Botanical Name: Dendrobium species and hybrids
Match Dendrobium orchid care with its native habitat, and you'll set the path to dependable blooms.
These spectacular orchids are among the most varied of any orchid genus -- in size, shape, and growing habit. And it's no wonder. More than 1,000 species exist, and their native habitats cover several continents, ranging from misty mountain forests to tropical highlands.
Dendrobium is Latin meaning "living on trees" which accurately describes this genus. Nearly all are epiphytes in the wild, growing on trees where they anchor themselves with thick roots, although a few are lithophytic, perched on moss-covered rocks and cliffs.
Clusters of lavish blooms come in every color of the rainbow...yellow, orange, red, pink, green (yes, green), blue, violet, lavender and white...in just about every possible combination.
What most of them have in common is a contrasting throat color. And Dendrobium flowers are deliciously fragrant.
Some species have fat, stem-like pseudobulbs, although most have slender stems, called canes, that emerge from a rhizome. Don't cut off old canes that have dropped their leaves because they sometimes flower again.
Shed some light. Put your orchids where they'll get plenty of light, but out of direct sun. If you don't have a spot near a window, grow lights work beautifully. Use 1 warm white tube and 1 cool white tube under a reflector. Place orchids about 8 inches (20 cm) beneath the light for 14-16 hours a day. It's also important to give them darkness at night. Orchids need a rest, too.
Give them air. Orchids like free-flowing air as in their native habitats. Put them in a spot where they'll enjoy plenty of air circulation. Fans are fine, but keep them away from heat or AC vents.
To repot...or not. Fir bark medium breaks down after a couple years and needs replaced. The best time to repot your orchid is when new growth begins, shortly after it is done blooming.
Got a reluctant bloomer? Give your orchid slightly cooler nighttime temperatures to spark blooming. A 15° difference will do. Dendrobiums will tolerate varying temperatures from 60° nights up to 90° days. They usually flower in spring, with some giving a second show of blooms in late summer. With good Dendrobium orchid care, you can expect blooms year after year.
You'll find Dendrobium orchids for sale in the spring, when most are in bloom. However, their blooming time varies by species. D. chrysotoxum, shown above right, blooms from March to June.
Origin: India, Asia, Australia, New Zealand, Pacific Islands
Height: Species vary widely -- many range from 6-30 in (15-75 cm). Taller orchids may need staking.
Light: Bright indirect light year-round. Some direct morning sun is fine.
Water: Water thoroughly and allow the top inch of soil to dry out between waterings. Dendrobiums store water in their rhizomes, and some species have water-storing pseudobulbs, making them more tolerant of dry soil than wet.

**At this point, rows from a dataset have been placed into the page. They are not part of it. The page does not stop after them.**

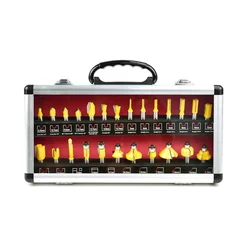 Set profilnih rezkarjev za les 8mm 25 kos 63151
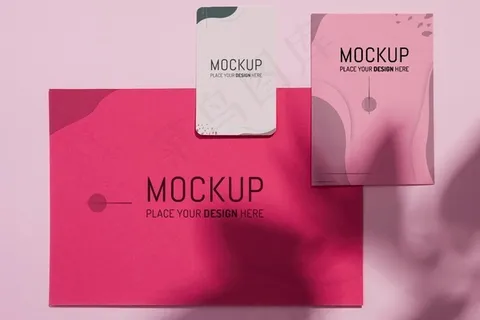 各种商务文具模型样机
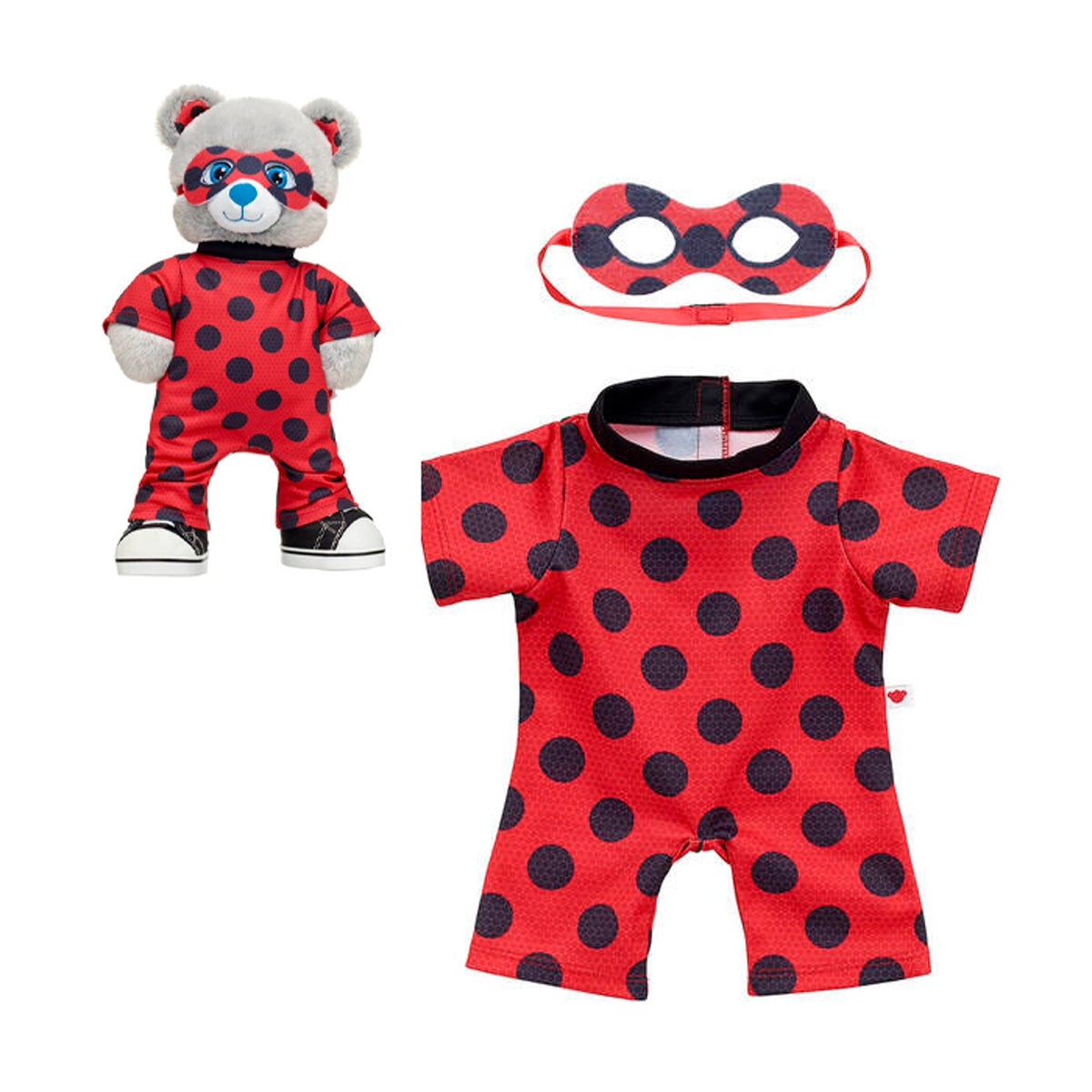 Disfraz Ladybug Miraculous Build-a-bear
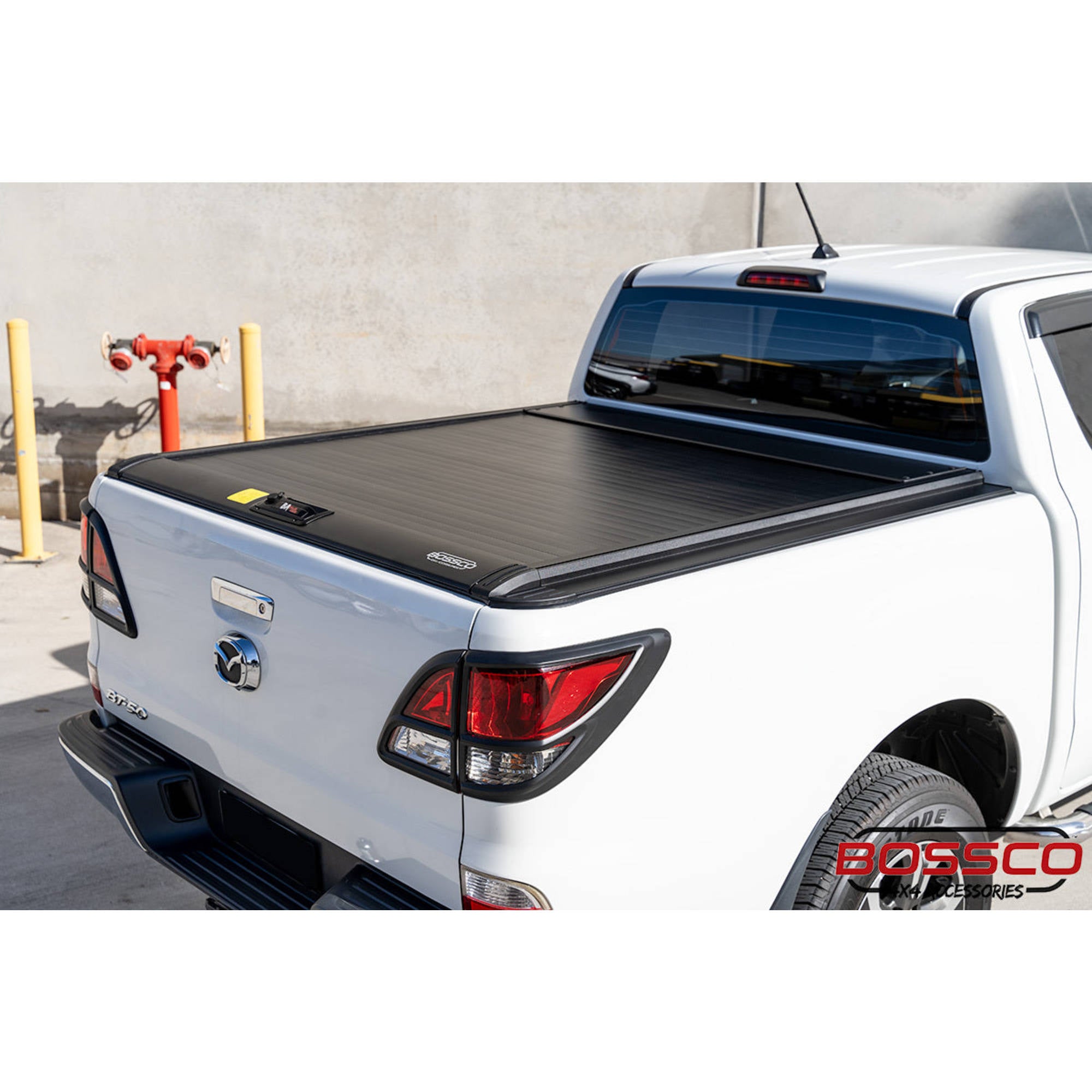 Manual Roller Shutter Suitable For Mazda BT-50 2012-2019 - For Sport Bar Compatibility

Humidity: Moderate to high, preferably 50-70% relative humidity. A big part of Dendrobium orchid care is keeping up the moisture in the air around it, especially in winter. Use a humidity tray or room humidifier. Grouping plants also helps to maintain the humidity around them.
Temperature: 60-65°F/16-18°C nights and 75-80°F/24-27°C days. Cooler nighttime temps will help trigger blooming.
Soil: Orchid potting mix
Fertilizer: Feed every 2 weeks with an orchid fertilizer while plant is growing and flowering.